I would have thought that Stanford's is as good as any - and it's from an era when hardly any were being written.
I honestly find Spohr's very boring, for the record.
Anyway, being a (former) clarinet player, I of course enjoy many concerti for the instrument.
For starters, Krommer, ALL of them (I believe two solo, and two double). His Eb is just on the line of being sung, especially by clarinet players. Same with Carl Stamitz's #3, but all of his (many also on Naxos) are nice as well.
There's a fantastic 5CD set of 'Mannheim Clarinet Concerti' on the Arte Nova label (and probably OOP, alas). Aside from 7 concerti by Stamitz (include a double, a basset horn one, and a clar+bassoon one), it includes a couple by Danzi, one by Fuchs, and a bunch by otherwise unknowns. One of the best is a concerto for clarinet and English horn (!) by someone named Fiala.
Some others I have recordings of:
-Bottesini wrote a piece for clarinet, bass, and orchestra
-Carl Davis wrote a modernish but still mostly in his style concerto (alas only strings and timpani accompaniment)
-Bruch of course wrote the clarinet and viola concerto
-Cartellieri wrote a few. Actually all of his music I've heard has been lovely, a very fine early romantic all around
-Schickele wrote a concerto. It's very Americana and light hearted, as with most of his 'serious' music.
-Rossini of course wrote a pair of variations
-Mercadante wrote a pair. Like all his music, they are nice without being the best.
-Donizetti wrote a concertino
-Reicha wrote a concerto as well.
-Finzi wrote one of the best of the 20th century, even if it's only with string accompaniment
Of course, there's plenty of shorter pieces too...
Just recently downloaded clarinet concerti by Pleyel, a Mozart contemporary. Lovely as performed by Dieter Klocker on the CPO label. Just search the name Dieter Klocker and you will come up with a plethora of unknown clarinet concerti and composers you've perhaps never heard of. Also check out the concerti of Backofen and LeFevre.
Philipp Jakob Riotte (1776-1856)
Concerto for clarinet and orchestra in Bb major opus 28
Well, Mendelssohn is not unsung, but there are two fine unsung pieces featuring the clarinet:
Konzertstuck for clarinet and basset horn in F-minor opus 113
Konzertstuck for clarinet and basset horn in D-minor opus 114
Although originally composed with piano accompaniment, Mendelssohn later orchestrated them.

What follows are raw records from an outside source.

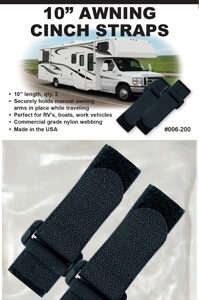 Awning Arm Safety Strap, Set Of 2, 10 Inch Length, Black, AP 02-9295 Awning Arm Safety Strap, Set Of 2, 10 Inch Length, Black, AP 02-9295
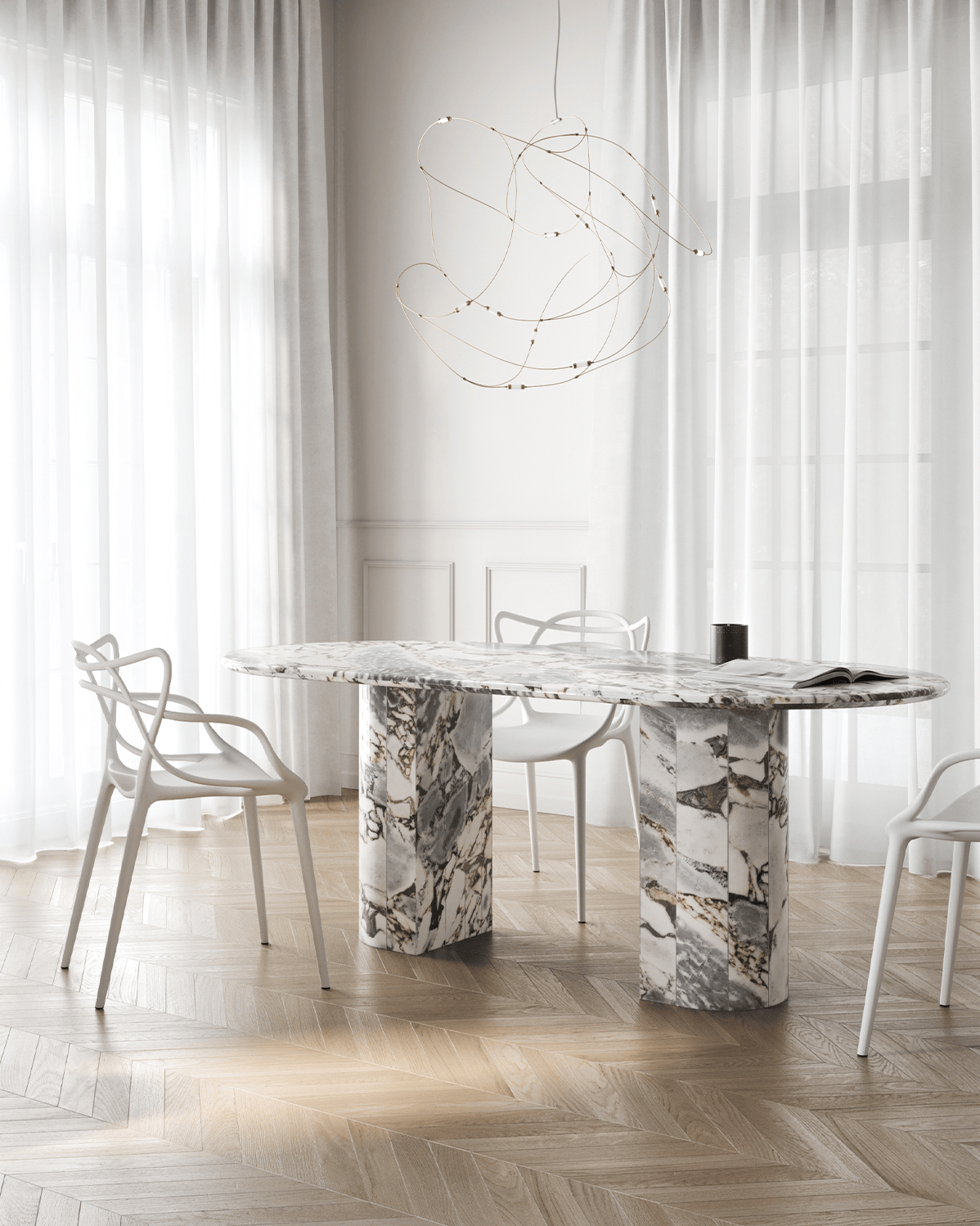 Dante Dining Table, 77in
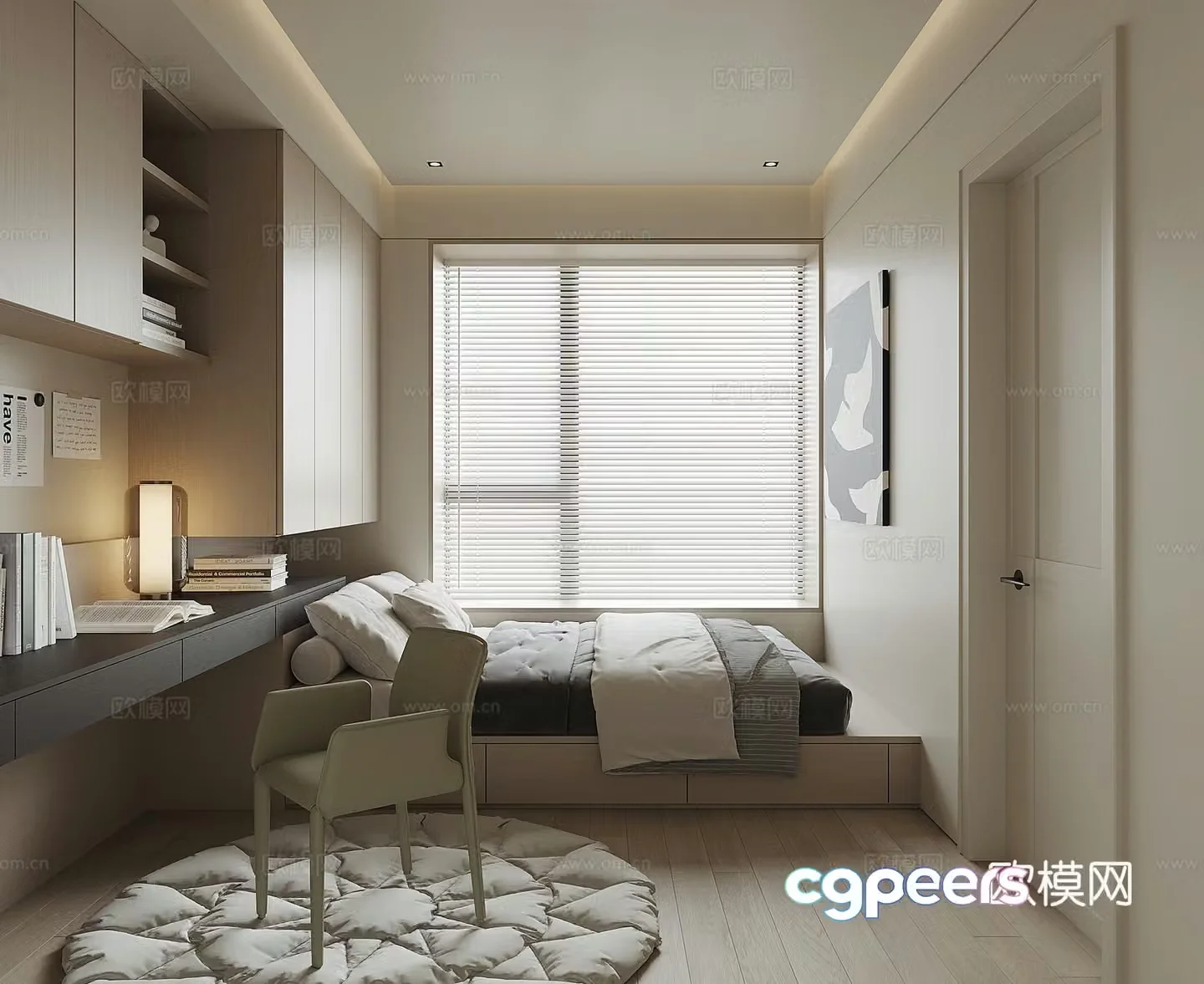 Cream style tatami bedroom 3d model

If we're just talking about clarinet concertos in general I've always found the Copland one to be most rewarding. In fact the historian Ken Burns used it as an unofficial theme song for his latest PBS entry "War."
Thomas
While we're on the subject, does anyone have an opinion why, for most concert goers, when they hear a concerto they expect one for either piano or violin? More rarely cello, viola, bass, flute, clarinet, bassoon, trumpet, trombone. Even more rarely percussion or harp. It's as if the other instruments are discriminated against. Maybe it was that in the 19th c so many performers on violin or piano wrote their own concertos and that got the idea in people's heads. It can't be that those instruments are so much harder to play than others either.

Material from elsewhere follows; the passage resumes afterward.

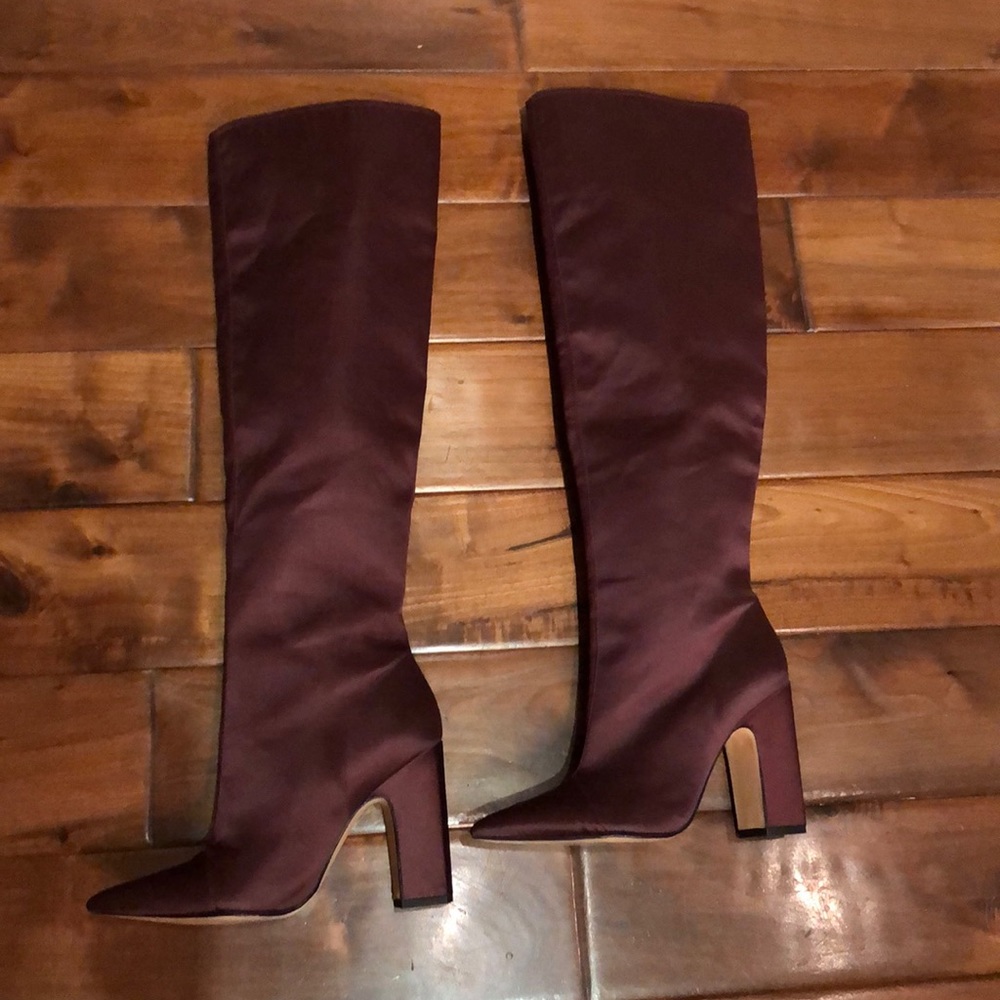 Zara woman made in Spain satin burgundy otk boots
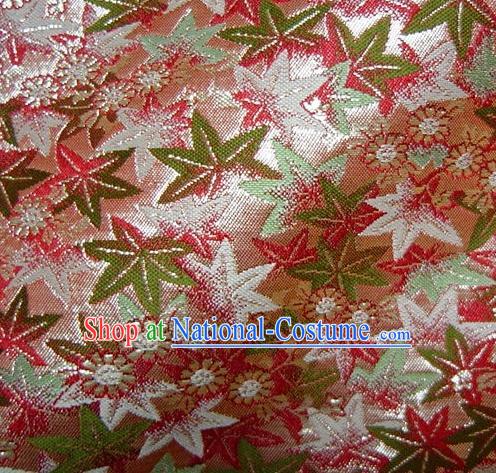 Asian Traditional Classical Maple Leaf Pattern Damask Pink Brocade Fabric Japanese Kimono Tapestry Satin Silk Material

Well if you go by "what they expect" NOW, it's obviously because the major composers, outside of Mozart (and Vivaldi) pretty much only wrote piano/violin(/cello) concerti. Everything else is mostly a couple well known ones -- after all, clarinet concerti can be easily be grouped into "Mozart and Two Webers....and the rest".
I too wish there were more romantic other-instrument concerti, but alas....
To add another concerto from the Mozart era: the clarinet concerto in B flat major by Theodor Baron von Schacht (1748-1823), in which he uses the world famous melody of "Twinkle twinkle little star". Mozart also used the melody, but it is not believed that he was the composer of this tune.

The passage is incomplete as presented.